The Gregory Patents describe constructs known as “control flow graphs,” id. at 2:65-3:8, and “assignment conditions,” id. at 3:22-30, that provide a scheme to translate HDL-based functional descriptions of logic circuits into hardware component descriptions of those same circuits without requiring the designer to instantiate any individual hardware components—not even high impedance drivers, level sensitive latches, or edge sensitive flip-flops. Id. at 2:27-36. The patent specification goes through several examples for different components to illustrate how control flow graphs and assignment conditions are used to translate a functional description of a logic circuit to a hardware component description of that logic circuit.

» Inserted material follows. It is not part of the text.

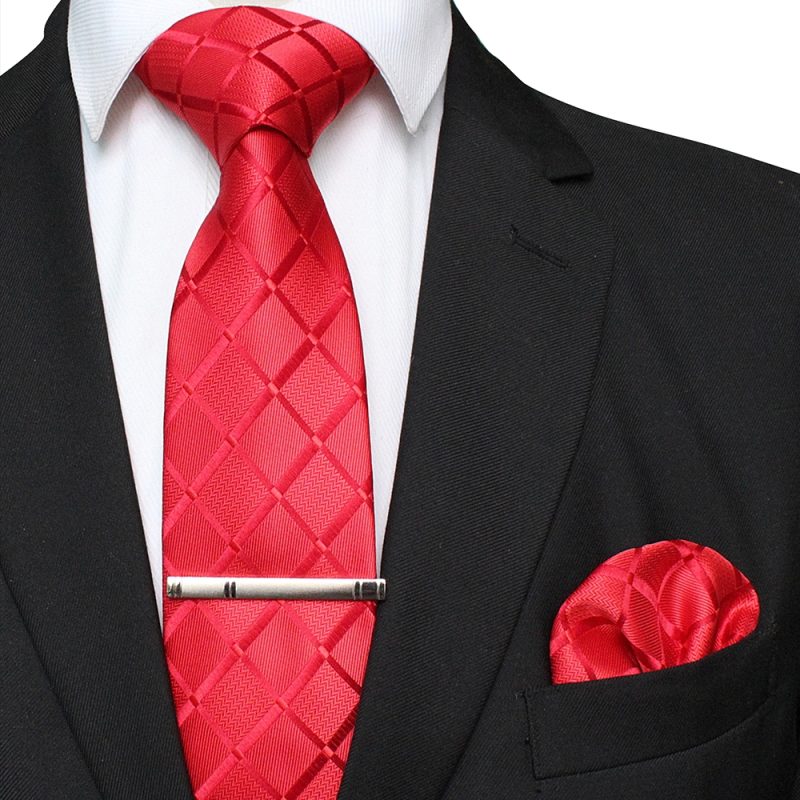 41 Style Men Tie Necktie Pocket Square Party Wedding Fashion Striped Plaid 8cm Silk Woven Business Handkerchief Tie Clip Set - Image 41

We will explore in detail one such example, which is claimed in claim 1 of the ‘841 patent.4 But, first, one must understand the general concept of binary logic as well as the constructs introduced in the Gregory Patents—namely flow control statements, directive statements, asynchronous load functions, and asynchronous data functions—what they are and how they work. We can gain this understanding through a review of the following simple example of HDL code:
If(COND)
Q: = 1;
else
Q: = 0;
endif
| COND | Q |
|---|---|
| 1 | 1 |
| 0 | 0 |
The Gregory Patents describe how the invention converts the statements from the HDL code into two constructs the specification calls “assignment conditions“: (1) an “asynchronous load function;” and (2) an “asynchronous data function.” These two assignment conditions provide another type of description of the functionality of the HDL code. The district court construed “asynchronous load function,” represented “AL(),” as “a hardware description function for load specifying the condition or conditions under which the variable is [asynchronously6] assigned a value.” Claim Construction Order, 2013 WL 5957866, at *4. In the above example, the “asynchronous load function” for output Q is “1” (i.e., AL(Q) = 1), because output Q is assigned a new value (i.e., it is “loaded“) both when condition COND is true (Q: = 1) and when it is false (Q: = 0). See ‘841 patent, 4:21-23.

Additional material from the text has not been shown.